** Record set follows **

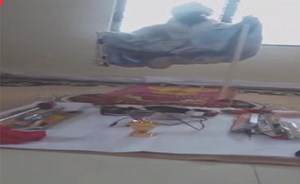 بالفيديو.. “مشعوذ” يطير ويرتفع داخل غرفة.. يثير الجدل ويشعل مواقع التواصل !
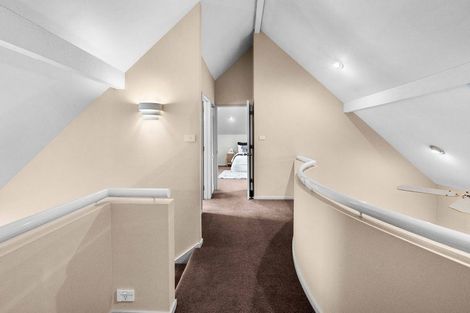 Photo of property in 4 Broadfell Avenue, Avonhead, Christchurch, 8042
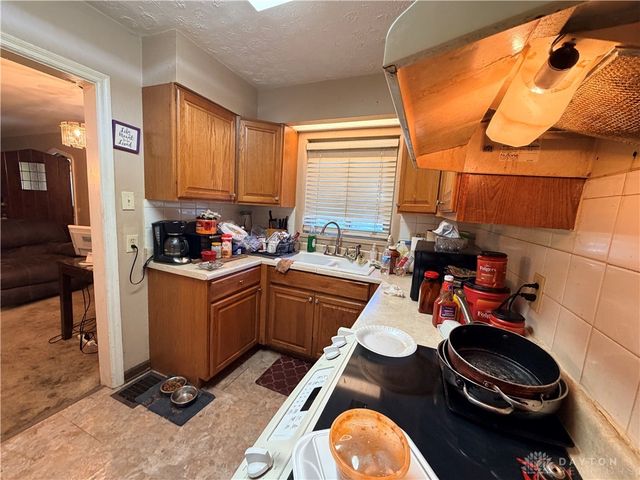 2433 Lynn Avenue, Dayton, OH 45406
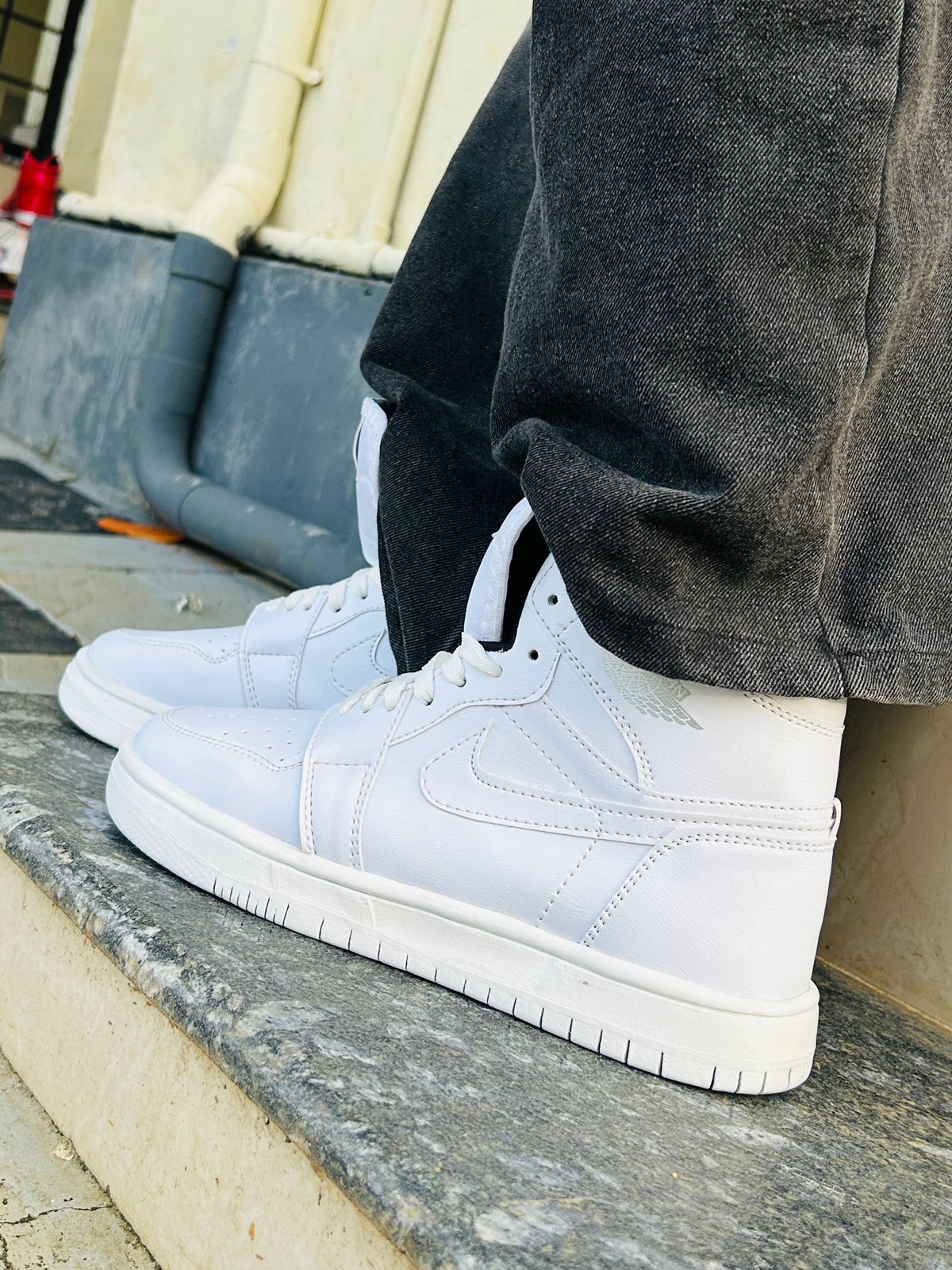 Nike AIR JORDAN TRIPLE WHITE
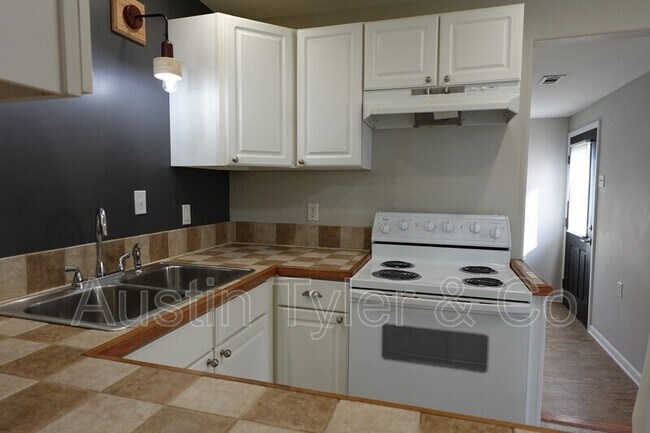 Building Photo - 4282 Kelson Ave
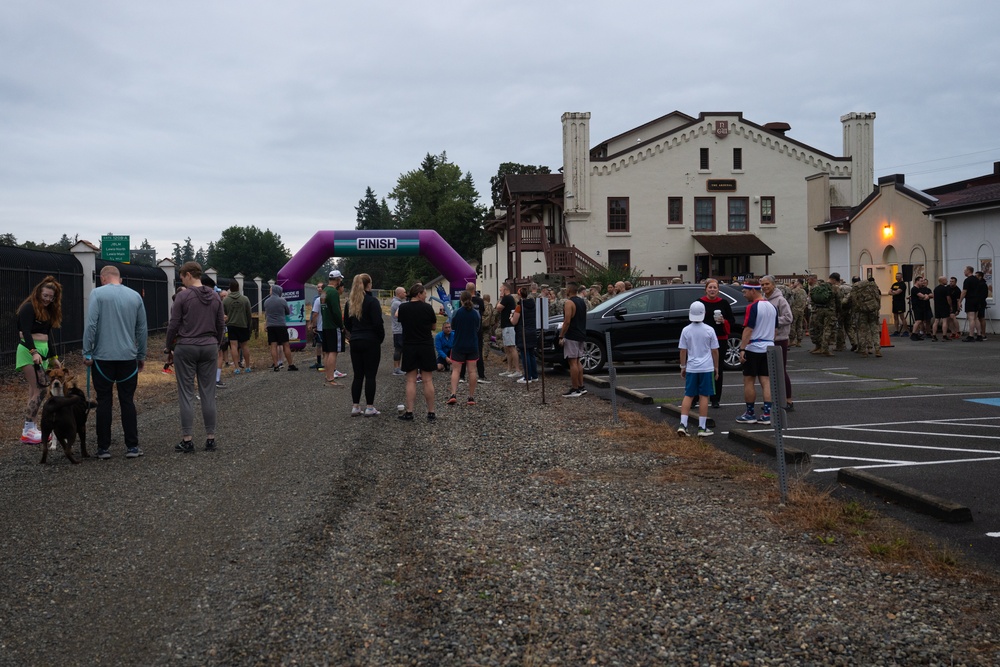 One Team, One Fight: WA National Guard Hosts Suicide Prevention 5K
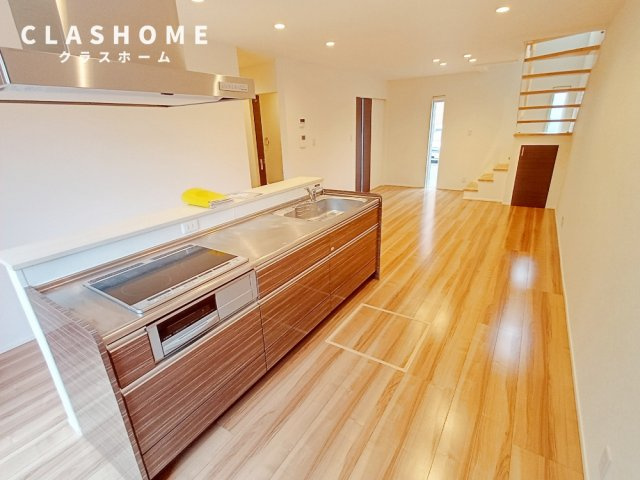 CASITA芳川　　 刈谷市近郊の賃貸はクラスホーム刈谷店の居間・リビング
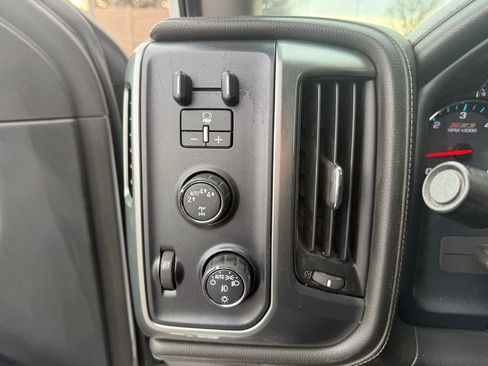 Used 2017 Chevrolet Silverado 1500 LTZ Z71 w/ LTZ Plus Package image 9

** End of Record set **

-- The task --
What is needed is an exact copy of the entries above, with no images in it.

-- Task solution --
 بالفيديو.. “مشعوذ” يطير ويرتفع داخل غرفة.. يثير الجدل ويشعل مواقع التواصل !
 Photo of property in 4 Broadfell Avenue, Avonhead, Christchurch, 8042
 2433 Lynn Avenue, Dayton, OH 45406
 Nike AIR JORDAN TRIPLE WHITE
 Building Photo - 4282 Kelson Ave
 One Team, One Fight: WA National Guard Hosts Suicide Prevention 5K
 CASITA芳川　　 刈谷市近郊の賃貸はクラスホーム刈谷店の居間・リビング
 Used 2017 Chevrolet Silverado 1500 LTZ Z71 w/ LTZ Plus Package image 9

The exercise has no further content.